The wide-ranging responses reflect whether lawmakers view the sharing economy as a threat to local business or an economic opportunity
The rise of the sharing economy, where individuals rent items and services from other individuals instead of established businesses, has called legal systems of ownership into question around the world. Startups like apartment-sharing Airbnb and car-sharing company Uber have faced regulatory hurdles everywhere they’ve expanded, a true sign of technological disruption. Now, urban darlings like Barcelona, Amsterdam, New York, and San Francisco must ask themselves whether they’ll create policies to embrace the sharing economy, penalize it, or carve out some happy middle ground?

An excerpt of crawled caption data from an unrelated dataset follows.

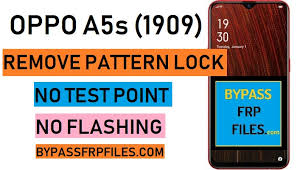 Oppo a1k cph1923 reset/remove screen lock/remove pattern unlock umt . Oppo A5s Pattern Unlock Remove Screen Password Without Box
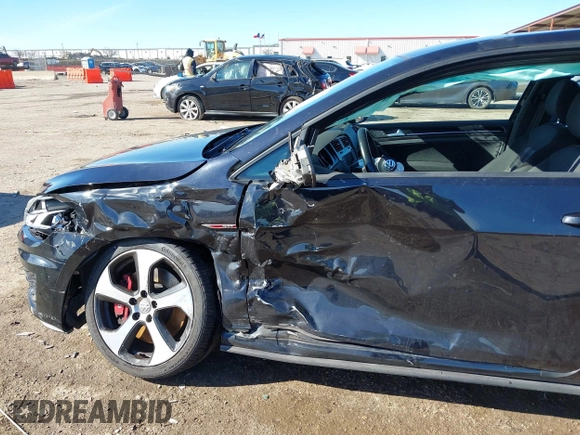 2016 Volkswagen GTI S with VIN 3VWY47AU3GM007367, listed as a IAAI auction lot 41314060 with 82,115 mi miles and . Bid and sale history available at DreamBid. Image 6.
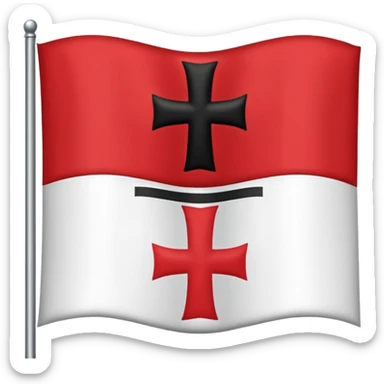 The flag of Sardinia sticker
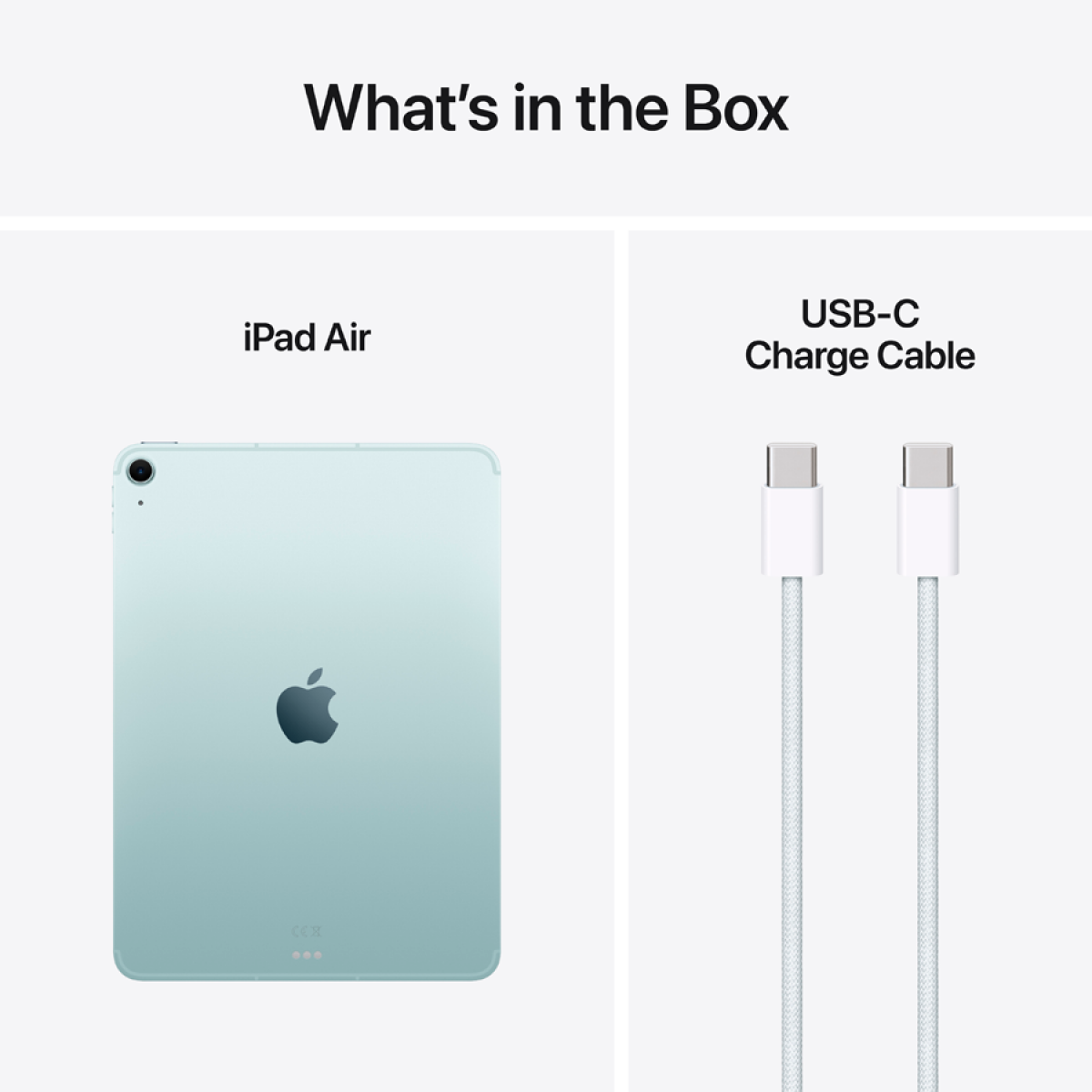 Планшет Apple 11-inch iPad Air Wi-Fi + Cellular 256GB - Blue,Model A3267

Europe’s so-so response to the sharing economy
Last week, the New York Times reported on how various European cities and countries have been regulating the sharing economy, with the headline reading, “Sharing Economy Faces Patchwork of Guidelines in European Countries.” Each city and country has developed its own response: Barcelona fined Airbnb for breaking local property rental laws, while Amsterdam passed legislation to encourage more local sharing services; Berlin has banned short-term rental services like Airbnb, while Paris has allowed home owners to use apartment-sharing services to rent out their flats as long as they fulfill certain safety requirements; Uber had been outlawed in Germany until Frankfurt overturned a ban in the middle of September.
Portugal has come to the sharing economy regulation game later and has seemingly benefited from other countries’ missteps, on both ends of the spectrum. Recently, the country drafted a new rental law that will not only help Airbnb and similar businesses grow, but also encourage home owners to register their property and – more importantly – pay taxes.

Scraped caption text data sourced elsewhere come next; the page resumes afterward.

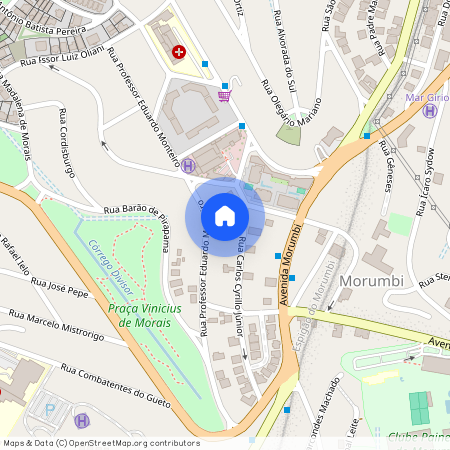 Rua Carlos Cyrillo Junior, 216, Morumbi, São Paulo - SP, 05614-000, Brazil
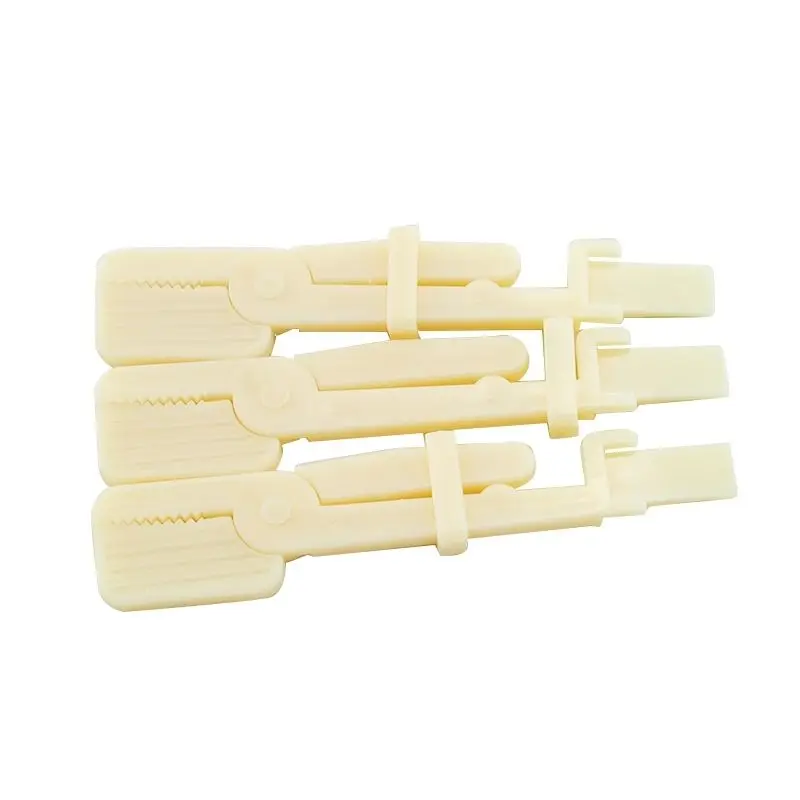 

3PCS Dental Plastic Snap X-Ray Film Radiograph Holder Clip -new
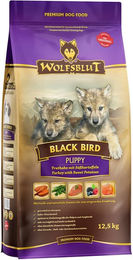 Wolfsblut Black Bird Welpenfutter Truthahn Getreidefrei 2x12,5kg – Bild 1 von 1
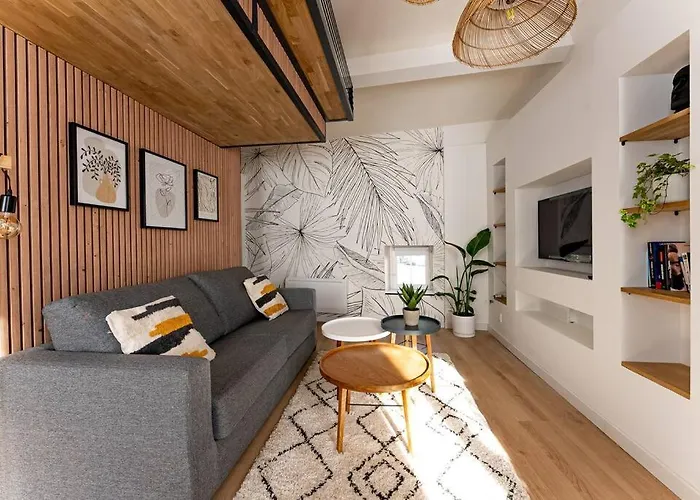 1. Charmant Appartement Proche Du Centre Et Gare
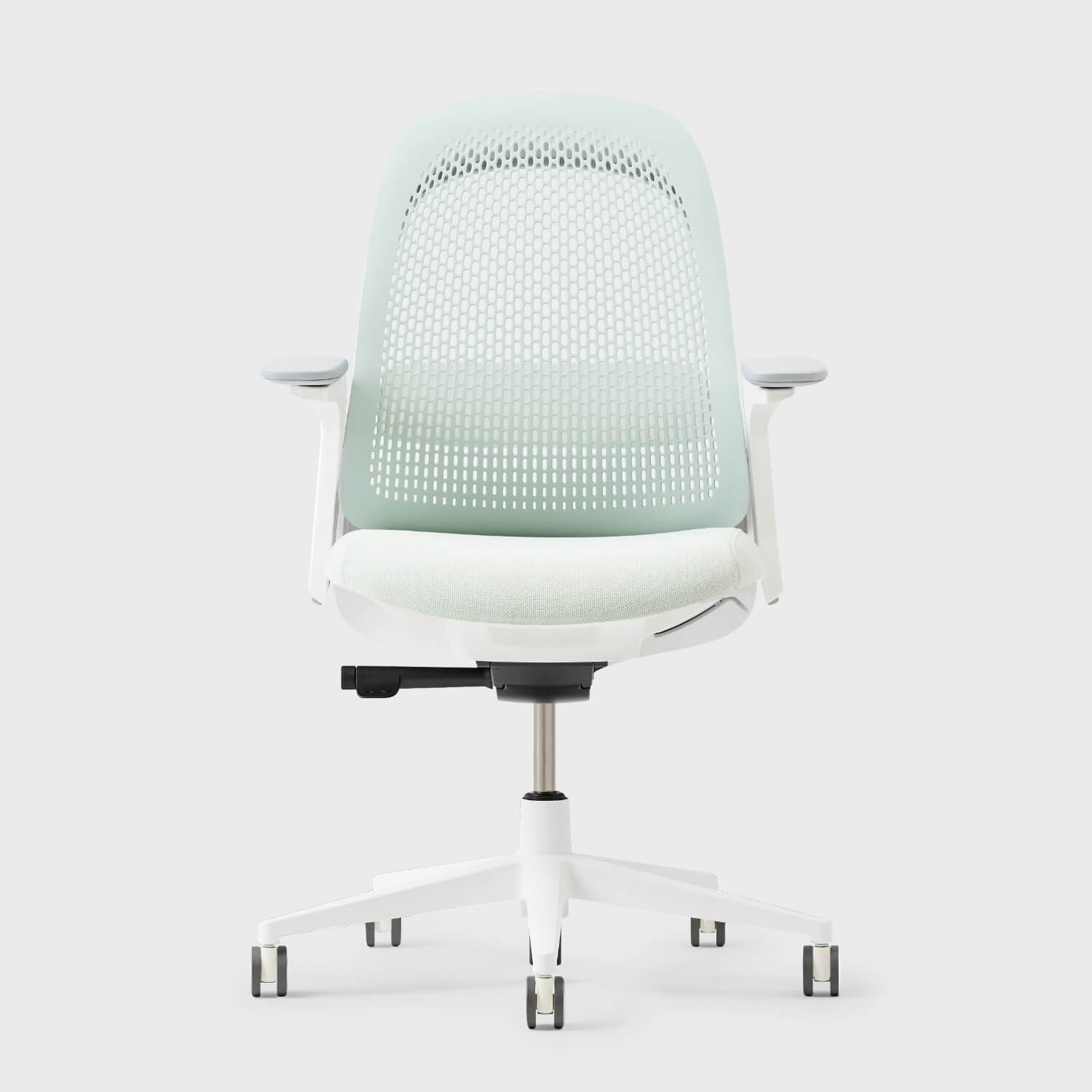 Breck Office Chair - Agave (3L-DN) / Snow (TR-UFM)
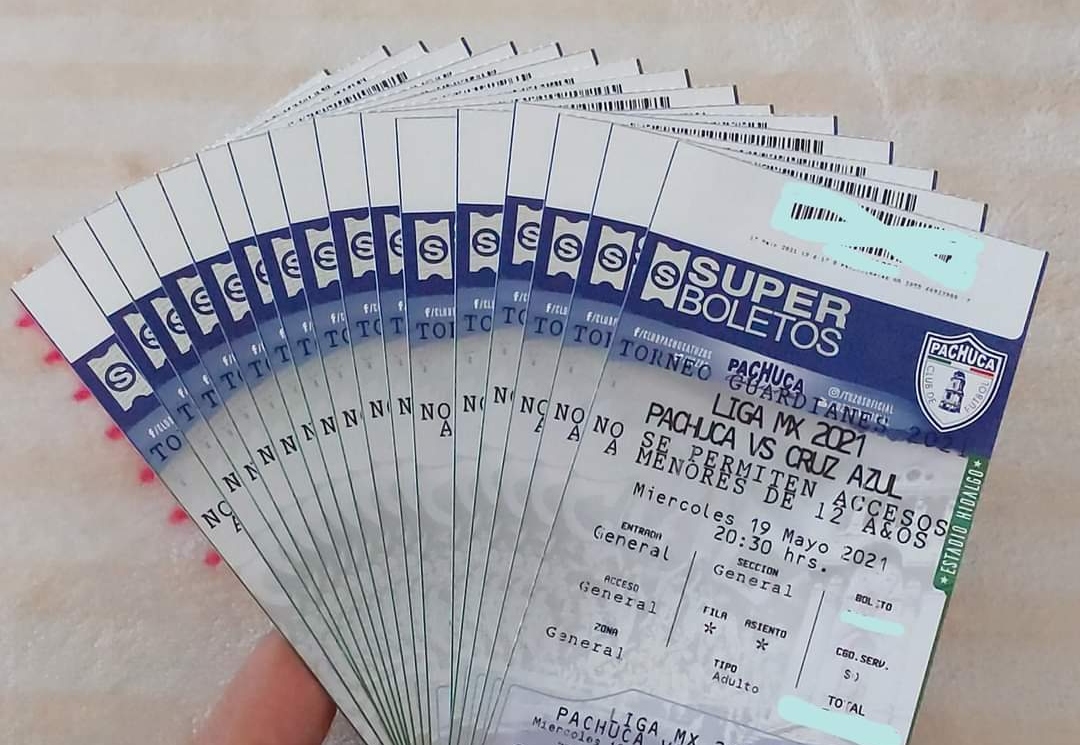 Reventa de boletos del Pachuca vs Cruz Azul hasta en $1100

The U.S. had the same issues
Airbnb faced similar hurdles in the U.S., where city officials complained about property taxes lost from apartment-sharing. So, to appease local authorities, Airbnb started collecting taxes on behalf of some American city governments. Their trial city is Portland, Ore., and next month, they will start collecting property taxes in techie San Francisco.
David Hantman, head of global public policy for Airbnb, told the New York Times that the Portland trial had gone well, though he added that the company still needed “to figure out what each city thinks about who should pay each tax,” before it can consider extending the Portland plan to the more than 34,000 cities where it operates.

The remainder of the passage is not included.